DK: And you would worry about harmful techniques, procedures and modalities that were left off the list or were developed after the list was published.
DK: How does a professional counselor know whether a technique, procedure or modality needs to be labeled as unproven or developing? In other words, how does a counselor determine whether Standard C.6.e., “Scientific Bases for Treatment Modalities,” applies to the intervention or approach they are using with a client?
BH: When in doubt about the scientific base of a technique, procedure or modality, use the standard “consult, consult, consult.” Call a former professor. Call an expert. Talk to some colleagues. But by all means, consult.
JM: Utilize resources on the ACA website and other websites. Keep current with the research by going to workshops and reading professional books and journals, and stay in contact with other practitioners who can serve as consultants.
DK: This is a good time to remind readers that ACA’s manager for Ethics and Professional Standards, Larry Freeman (800.347.6647 ext. 314 or firstname.lastname@example.org), provides free ethics consultation to ACA members and that our best-selling book, the ACA Ethical Standards Casebook by Barbara Herlihy and Gerald Corey, was just revised to include the 2005 ACA ethical standards. (Note: For more on the ACA Ethical Standards Casebook, turn to “Behind the Book” on page 30.) The casebook can be ordered at 800.347.6647 ext. 222 or www.counseling.org/publications.

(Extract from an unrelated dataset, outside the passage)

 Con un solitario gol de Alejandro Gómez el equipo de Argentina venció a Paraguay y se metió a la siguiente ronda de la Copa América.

Free ethics resources are also available to ACA members at www.counseling.org/ethics.
So far we have been talking about Standard C.6.e., “Scientific Bases for Treatment Modalities,” in terms of the techniques, procedures and modalities that counselors use with their clients. Does it also apply when the counselor is asked for a referral?

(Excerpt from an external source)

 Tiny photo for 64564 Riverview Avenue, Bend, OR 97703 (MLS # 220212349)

BH: If a client requested an approach that was not grounded in theory or an empirical/
scientific foundation, it would be my responsibility to thoroughly discuss the unproven or developing nature of the approach, the limitations of that approach and alternative approaches. If the client proceeded to choose that intervention after this thorough discussion, it would be my responsibility to facilitate that process and provide a referral.
DK: The ACA Ethics Committee has just completed an extensive paper on the subject of referrals for conversion/
reparative therapy and other interventions that do not have a scientific base that very much supports your statement. An abridged version was published on pages 14-15 of the July 2006 edition of Counseling Today, and the complete document is available at www.counseling.org/ethics.

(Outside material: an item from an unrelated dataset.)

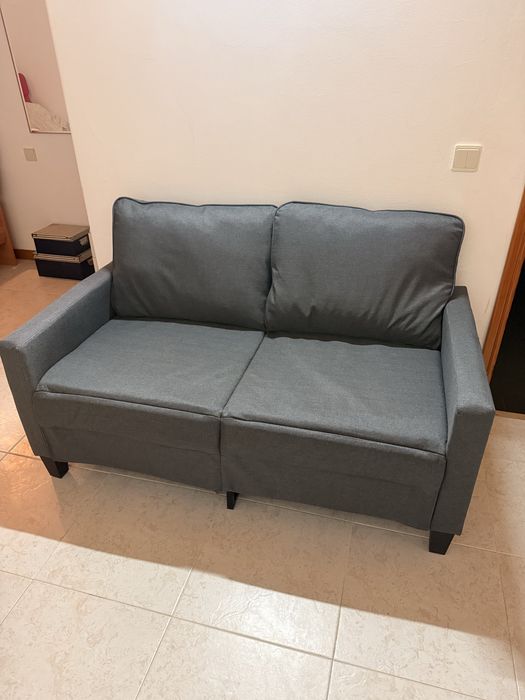 Sofá 2 lugares cinza novo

Switching gears, what do you think ACA needs to do to assist professional counselors with the new standard “Scientific Bases for Treatment Modalities”?
JM: We should consider developing a website section for practitioners fashioned around this standard that provides information on proven treatment modalities. We also need to help professional counselors define the potential risks and ethical considerations of specific approaches. Students and counselor educators have access to the most recent literature, but practitioners in the field may not.
DK: Please convey thanks to the entire Ethical Code Revision Task Force for yet another new standard that advances the profession. Any final thoughts?
BH: Professional counselors need to understand that Standard C.6.e. was not meant to be rigid and imply that only techniques, procedures or modalities that have been supported by experimental studies with random selection can be utilized. If that were the case, we would only use cognitive behavior therapy because it is the easiest to study under experimental (or at least quasi-experimental) conditions. We have to think more broadly and inclusively than that and include qualitative and other approaches. The point is that we don’t want counselors using biased approaches that are not thought through and have no evidence of validity.